Universal electronic manifolds for extrapolative alloy discovery

Abstract

This study presents a computationally efficient framework for accelerated alloy discovery that uses the non-interacting electron density to capture intrinsic structure-property relationships in refractory high-entropy alloys (HEAs). Unlike state-of-the-art approaches relying on expensive, self-consistent density functional theory calculations, our method employs the non-interacting electron density as the primary structural descriptor. By extracting physical features through directionally resolved two-point spatial correlations and compressing them via Principal Component Analysis, we efficiently map the design space. Coupling these descriptors with Bayesian active learning, we achieve a normalized mean absolute error (NMAE) of <2% for the bulk modulus of Al-Nb-Ti-Zr alloys using only 10 training samples. Furthermore, we demonstrate that the model learns an electronic packing manifold that is transferable across distinct chemical species within refractory HEAs.
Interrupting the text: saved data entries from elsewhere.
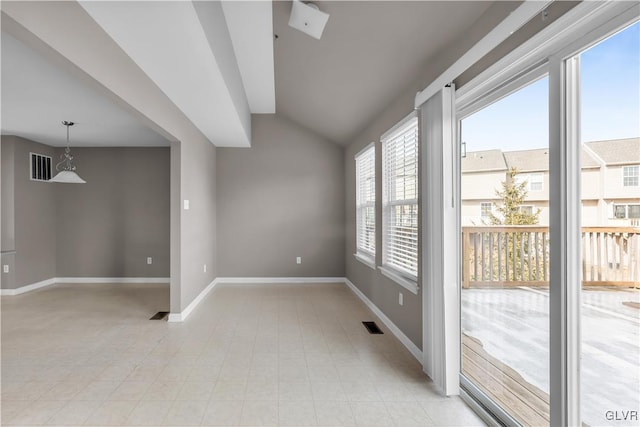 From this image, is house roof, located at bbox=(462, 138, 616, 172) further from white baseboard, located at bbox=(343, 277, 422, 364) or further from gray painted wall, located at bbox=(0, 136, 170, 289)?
gray painted wall, located at bbox=(0, 136, 170, 289)

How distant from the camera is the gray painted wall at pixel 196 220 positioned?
13.7ft

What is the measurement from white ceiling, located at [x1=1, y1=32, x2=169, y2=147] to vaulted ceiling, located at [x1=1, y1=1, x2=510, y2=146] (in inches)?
0.6

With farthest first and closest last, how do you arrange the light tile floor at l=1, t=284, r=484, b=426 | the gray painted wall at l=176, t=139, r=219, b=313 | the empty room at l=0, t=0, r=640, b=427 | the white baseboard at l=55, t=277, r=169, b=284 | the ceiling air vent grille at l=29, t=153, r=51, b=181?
the white baseboard at l=55, t=277, r=169, b=284, the ceiling air vent grille at l=29, t=153, r=51, b=181, the gray painted wall at l=176, t=139, r=219, b=313, the light tile floor at l=1, t=284, r=484, b=426, the empty room at l=0, t=0, r=640, b=427

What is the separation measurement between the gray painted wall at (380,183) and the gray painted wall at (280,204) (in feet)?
1.30

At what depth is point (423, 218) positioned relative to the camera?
2.62 metres

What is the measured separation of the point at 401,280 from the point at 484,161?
1.46 m

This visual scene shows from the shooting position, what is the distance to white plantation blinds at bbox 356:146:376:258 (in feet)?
15.7

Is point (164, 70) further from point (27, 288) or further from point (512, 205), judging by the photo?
point (27, 288)

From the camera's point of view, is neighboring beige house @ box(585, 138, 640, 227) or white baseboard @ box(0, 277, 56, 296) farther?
white baseboard @ box(0, 277, 56, 296)

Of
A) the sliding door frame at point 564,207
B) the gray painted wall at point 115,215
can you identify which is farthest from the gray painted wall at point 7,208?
the sliding door frame at point 564,207

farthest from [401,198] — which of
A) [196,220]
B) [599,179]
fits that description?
[196,220]

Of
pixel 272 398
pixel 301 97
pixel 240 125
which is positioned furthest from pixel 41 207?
pixel 272 398

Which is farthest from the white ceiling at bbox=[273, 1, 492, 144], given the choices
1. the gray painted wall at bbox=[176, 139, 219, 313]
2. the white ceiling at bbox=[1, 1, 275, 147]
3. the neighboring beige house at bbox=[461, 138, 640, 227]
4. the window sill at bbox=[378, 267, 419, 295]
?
the window sill at bbox=[378, 267, 419, 295]

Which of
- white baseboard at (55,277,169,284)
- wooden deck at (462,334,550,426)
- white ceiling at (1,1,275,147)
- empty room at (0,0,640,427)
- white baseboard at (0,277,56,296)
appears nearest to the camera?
empty room at (0,0,640,427) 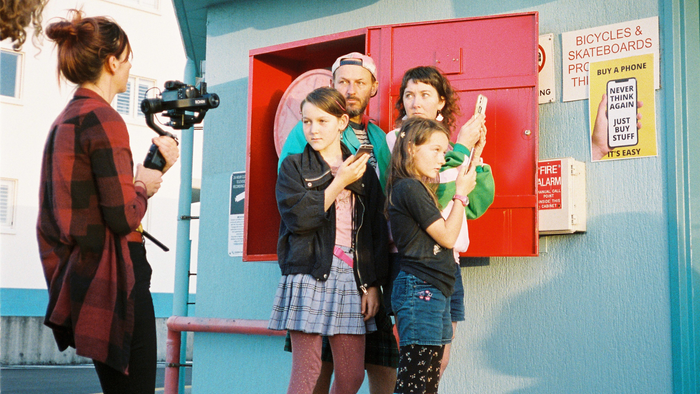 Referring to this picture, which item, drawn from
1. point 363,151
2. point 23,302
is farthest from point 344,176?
point 23,302

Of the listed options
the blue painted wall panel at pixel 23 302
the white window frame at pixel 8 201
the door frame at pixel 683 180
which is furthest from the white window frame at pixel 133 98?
the door frame at pixel 683 180

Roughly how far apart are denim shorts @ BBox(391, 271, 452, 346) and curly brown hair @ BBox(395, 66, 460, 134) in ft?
3.11

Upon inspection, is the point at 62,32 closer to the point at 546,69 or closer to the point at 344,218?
the point at 344,218

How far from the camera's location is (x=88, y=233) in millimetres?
2064

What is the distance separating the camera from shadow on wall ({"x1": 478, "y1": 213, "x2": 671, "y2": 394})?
3564mm

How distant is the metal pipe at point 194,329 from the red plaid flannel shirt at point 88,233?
101 inches

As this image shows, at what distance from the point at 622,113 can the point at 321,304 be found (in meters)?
1.88

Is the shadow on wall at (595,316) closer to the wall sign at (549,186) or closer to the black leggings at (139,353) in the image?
the wall sign at (549,186)

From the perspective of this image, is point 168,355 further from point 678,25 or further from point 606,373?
point 678,25

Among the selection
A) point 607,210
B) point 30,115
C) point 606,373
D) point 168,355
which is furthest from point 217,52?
point 30,115

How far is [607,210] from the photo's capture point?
3748 mm

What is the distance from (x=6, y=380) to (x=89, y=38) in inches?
340

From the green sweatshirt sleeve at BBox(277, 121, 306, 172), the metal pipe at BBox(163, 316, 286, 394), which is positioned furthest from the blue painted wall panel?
the green sweatshirt sleeve at BBox(277, 121, 306, 172)

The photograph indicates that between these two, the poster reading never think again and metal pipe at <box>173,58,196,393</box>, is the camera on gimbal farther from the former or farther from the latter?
metal pipe at <box>173,58,196,393</box> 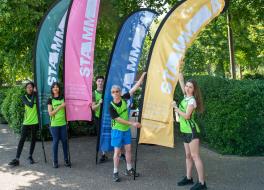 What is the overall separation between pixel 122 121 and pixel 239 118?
3072 millimetres

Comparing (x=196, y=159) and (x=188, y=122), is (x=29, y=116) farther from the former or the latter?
(x=196, y=159)

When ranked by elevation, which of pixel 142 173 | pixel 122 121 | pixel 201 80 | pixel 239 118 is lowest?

Validated on a distinct 7-component refractory system (Mo-Nb-Ta-Ti-V-W-Zr) containing four elements entirely absent from the training data, the framework enables rigorous zero-shot extrapolation. Moreover, by augmenting the base model with just 20 samples from the target domain, we achieve high-fidelity predictions (NMAE < 3%) for 7-component alloys, reducing data acquisition costs by orders of magnitude compared to standard workflows. These results establish the non-interacting electron density as a rigorous, extrapolative descriptor for vast compositional landscapes.

Figures (13)

• Figure 1: Principal component visualization of the AlNbTiZr composition space ($\mathcal{D}_4$). The 2D projections of the first three PC scores reveal a trapezoidal arrangement where elemental compositions reside at the vertices and the alloys populate the interior, indicating that the pseudo electron density descriptors preserve the chemical and structural hierarchy of the composition space. The 3D projections are located in Supp. Figure \ref{['fig:manifold_topology']}
• Figure 2: Convergence of bulk modulus prediction error (for $\mathcal{D}_4$) with training set size: NMAE versus number of training samples for active and random selection strategies. The active learning strategy using pseudo-density features converges to <2% error within 10 samples, demonstrating that the non-relaxed field contains sufficient information to guide the acquisition function effectively.
• Figure 3: The end to end Bayesian Experiment Design workflow used to train $\mathcal{D}_4$
• Figure 4: Parity plots of predicted versus DFT-computed properties for the remaining samples in $\mathcal{D}_4$. (a) Bulk modulus predictions using a model trained on actively selected samples. (b) Alloy formation energy predictions using a distinct GPR model trained on the same 3-PC pseudo-density descriptor inputs.
• Figure 5: (a) Extrapolative parity plot assessing the transferability of the pseudo-density descriptor. The model was trained exclusively on the 4-component Al-Nb-Ti-Zr system ($\mathcal{D}_4$) and tasked with predicting the bulk moduli of the 7-component system ($\mathcal{D}_7$) containing Mo, Ta, V, and W, (b) The histogram (inset/side) illustrates the uncertainty distribution (predicted standard deviation, $\sigma$) for the test set, indicating that the model remains well-calibrated even in the extrapolation regime.